„Magik Miller – takim określeniem skomentował spiker zawodów to co zagrał zawodnik Siarki w trzecim dniu Turnieju w Legionowie. Miller w meczu z AZS Politechnika Warszawa oczarował swoją grą wszystkich kibiców obecnych na meczu zdobywając 36 pkt. Miller został również uznany za MVP turnieju.
Zespół Siarka Jezioro Tarnobrzeg pokonała AZS Politechnikę 103 – 98 i tym samym zajął pierwsze miejsce w Mazovia Cup 2011.
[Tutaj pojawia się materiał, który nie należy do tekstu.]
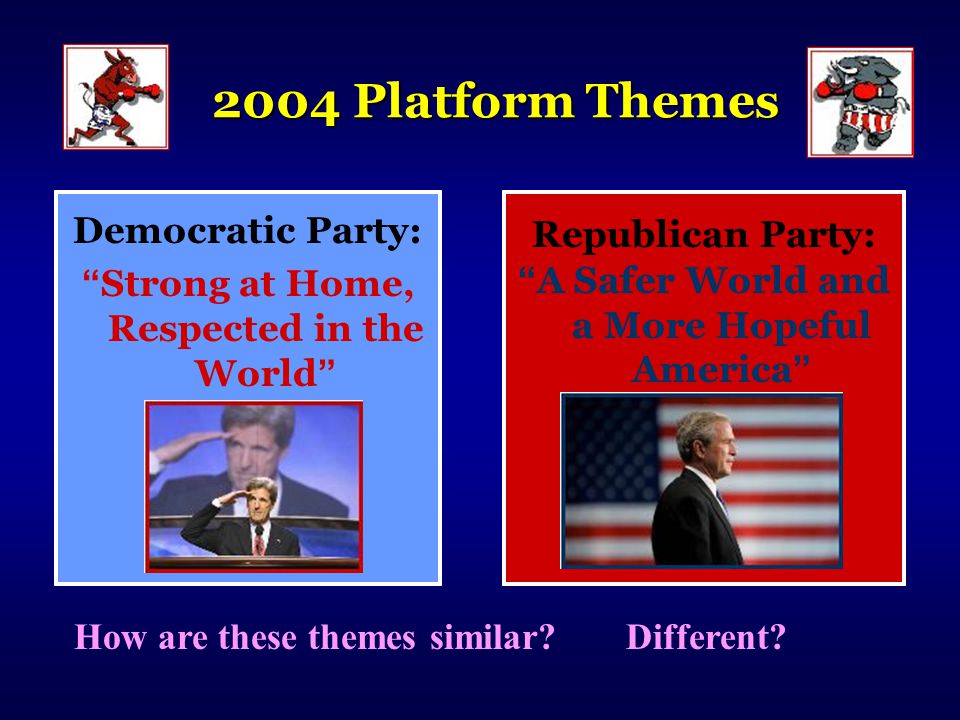 2004 Platform Themes Democratic Party:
Gracze Siarki Tarnobrzeg fatalnie rozpoczęli swoje ostatnie spotkanie na turnieju Mazovia Cup – po kilku pierwszych akcjach przegrywali już 9:0, a w szóstej minucie nawet 15:3. Na nic zdawały się zmiany przeprowadzane przez trenera Dariusza Szczubiała, bo tarnobrzeżanie nie tylko przegrywali rywalizację pod koszami, ale do tego fatalnie pudłowali. Na swoim poziomie grał tylko Marek Piechowicz, który szybko zdobył siedem punktów. Ożywienie do gry wniósł też Przemysław Karnowski i podopieczni trenera Szczubiałą wreszcie odnaleźli swój rytm gry – po serii 5:0 przegrywali już tylko 32:36.
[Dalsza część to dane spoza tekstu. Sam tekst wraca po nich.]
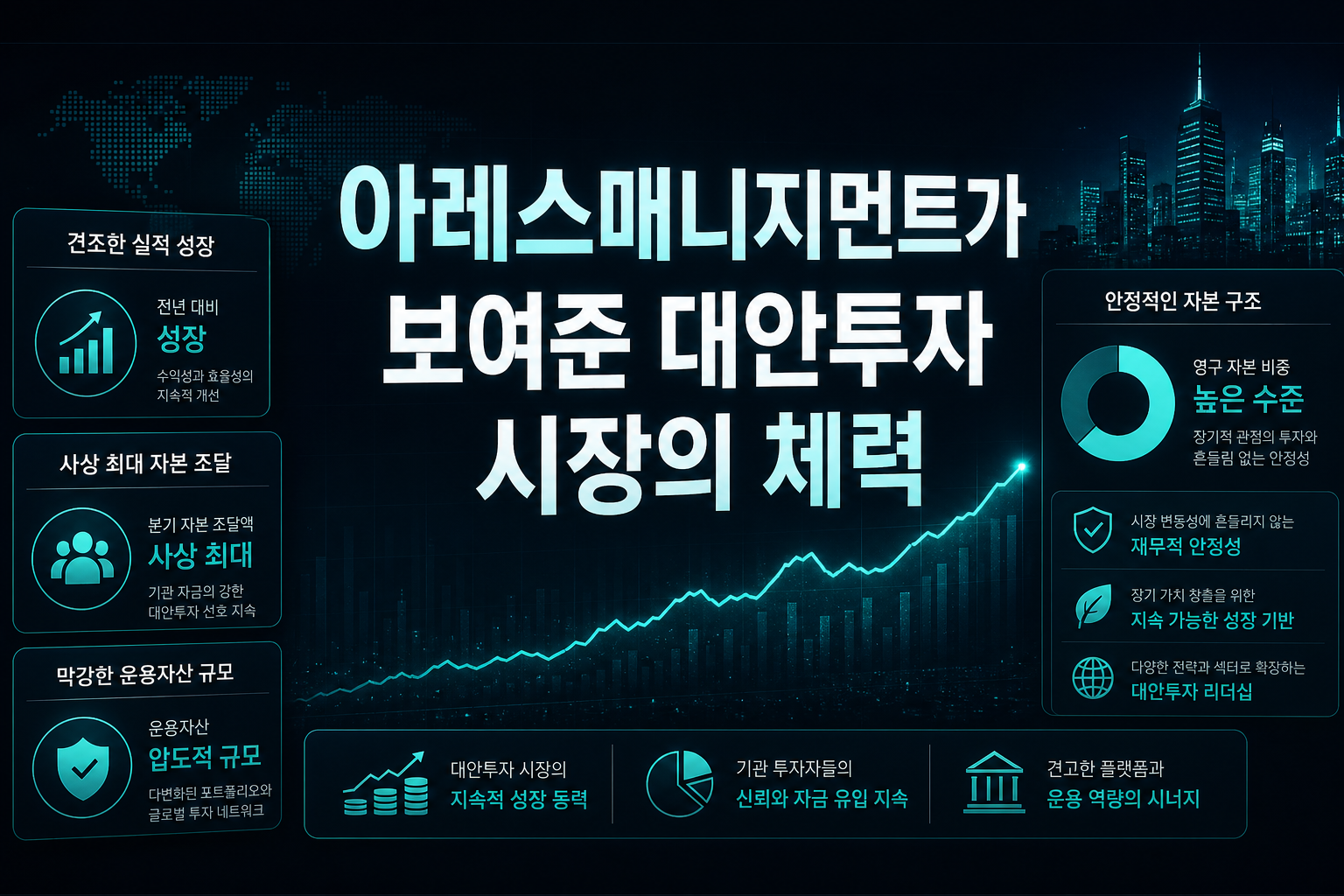 아레스매니지먼트가 보여준 대안투자 시장의 체력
Po zmianie stron koszykarze AZS Politechniki Warszawskiej nie byli już tak skuteczni w defensywie i mieli problemy ze zdobywaniem punktów. Do tego w całym spotkaniu dali sobie rzucić aż 52 punkty spod samego kosza!
Na przełomie trzeciej i czwartej kwarty swoje show zaczął dawać filigranowy Wendell Miller, który w drugiej połowie zdobył 29 ze swoich 36 punktów! Po jego kolejnym trafieniu spod kosza w 33. minucie na tablicy był już remis po 78. Warszawianie nadal nie mogli poradzić sobie z niezwykle sprawnym Millerem. Jeszcze na półtorej minuty przed końcem na tablicy widniał remis po 96, lecz pięć kolejnych punktów zdobył niesamowicie dysponowany tego wieczoru Miller i tarnobrzeżanie wygrali 103:98.
W AZS Politechnice najwięcej punktów, bo 16 rzucił osiemnastoletni Mateusz Ponitka. W sumie aż siedmiu zawodników drużyny trenera Mladena Starcevicia zapisało na swym koncie dwucyfrowe zdobycze punktowe. W kluczowych momentach nie trafili jednak ani Ponitka, ani Piotr Pamuła i AZS Politechnika zakończyła turniej na ostatnim miejscu.
AZS Politechnika Warszawska – Siarka Jezioro Tarnobrzeg 98:103 (23:16, 22:22, 31:29, 22:36)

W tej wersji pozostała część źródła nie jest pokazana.